La nature des travaux et des produits de la campagne veut encore qu’il convienne au cultivateur de produire lui-même les légumes, les fruits, les bestiaux, et même une partie des instrumens et des constructions qui servent à la consommation de sa maison, quoique ces productions soient d’ailleurs l’objet des travaux exclusifs de plusieurs professions.

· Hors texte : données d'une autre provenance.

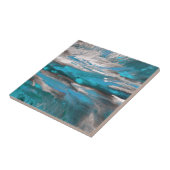 Blauwgroen blauw grijs Abstract Tegeltje (Zijkant)
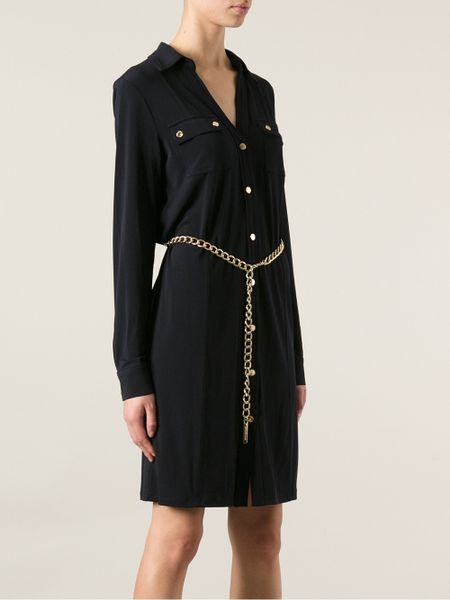 Michael Michael Kors Shirt Dress in Blue | Lyst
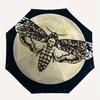 "Moonlit Moth: Mystical Nighttime Insect Art Print" Umbrella, Cute Umbrella with Cute Design, Portable 3-Fold Compact Umbrella for Men & Women, Valent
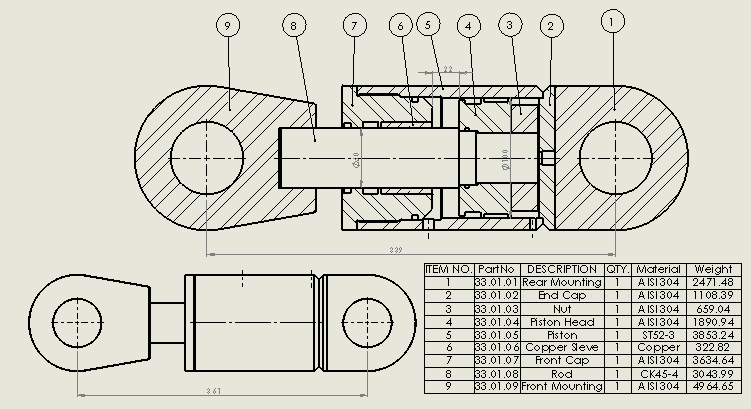 双作用液压缸（焊接式）100x50x20mm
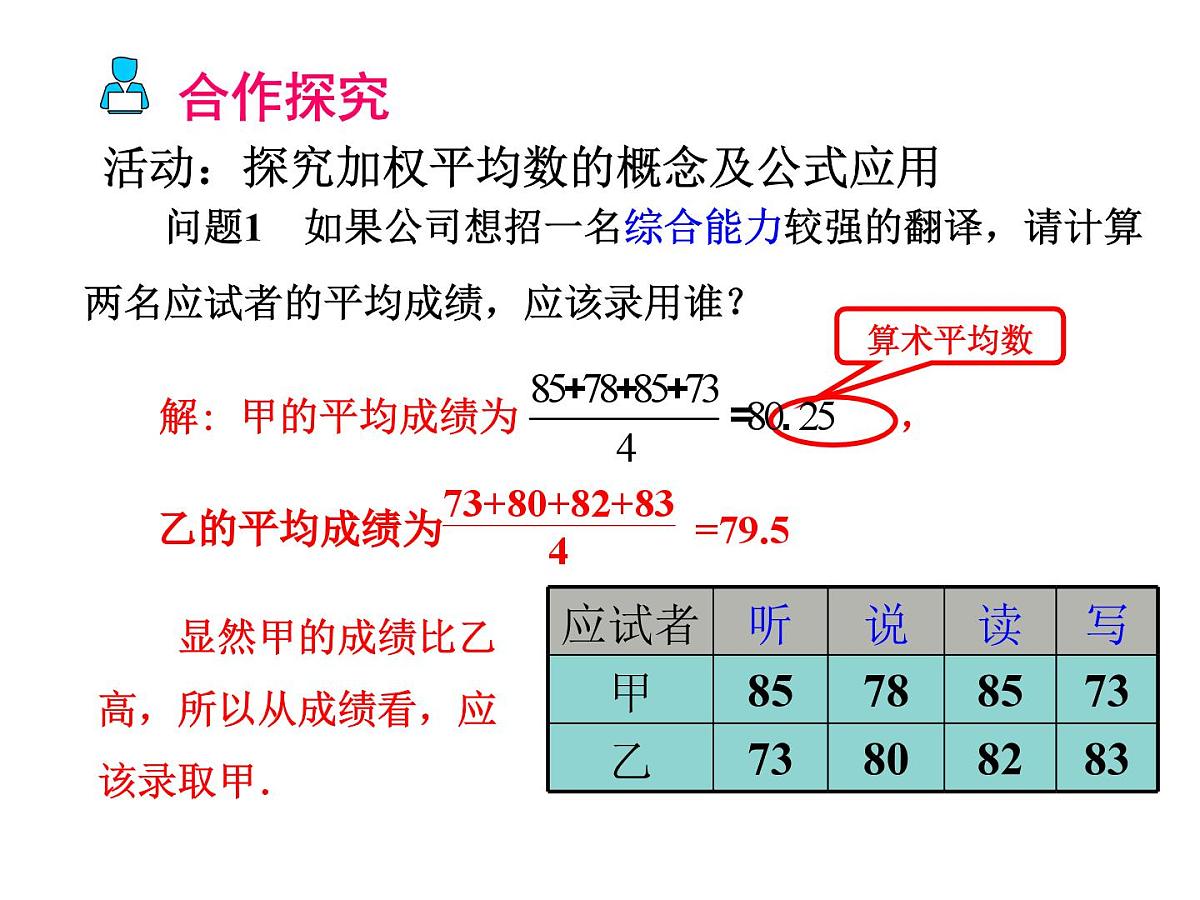 2025年春人教版数学八年级下册教学课件 20.1.1 平均数第4页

Dans les genres d’industrie qui s’exercent en ateliers, et où le même entrepreneur donne toutes les façons à un produit, il ne peut, sans de gros capitaux, subdiviser beaucoup ses opérations. Cette subdivision réclame de plus fortes avances en salaires, en matières premières, en outils. Si dix-huit ouvriers ne fesaient que vingt épingles chacun, c’est-à-dire, trois cent soixante épingles à la fois, pesant à peine une once, une once de cuivre successivement renouvelée suffirait pour les occuper. Mais si, au moyen de la séparation des occupations, les dix-huit ouvriers font par jour, ainsi qu’on vient de le voir, quatre-vingt-six mille quatre cents épingles, la matière première nécessaire pour occuper ces dix-huit ouvriers devra être constamment du poids de deux cent quarante onces ; elle exigera par conséquent une avance plus considérable. Et si l’on considère qu’il se passe peut-être deux ou trois mois, depuis le moment où le manufacturier achète le cuivre jusqu’à celui où il rentre dans cette avance par la vente des épingles, on sentira qu’il est obligé d’avoir, pour fournir constamment de l’occupation à ses ouvriers, soixante ou quatre-vingts fois deux cent quarante onces de cuivre en fabrication à différens degrés, et que la portion de son capital, occupée par cette matière première seulement, doit être égale par conséquent à la valeur de douze cents livres pesant de métal de cuivre. Enfin, la séparation des occupations ne peut avoir lieu qu’au moyen de plusieurs instrumens et machines qui sont eux-mêmes une partie importante du capital. Aussi voit-on fréquemment, dans les pays pauvres, le même travailleur commencer et achever toutes les opérations qu’exige un même produit, faute d’un capital suffisant pour bien séparer les occupations.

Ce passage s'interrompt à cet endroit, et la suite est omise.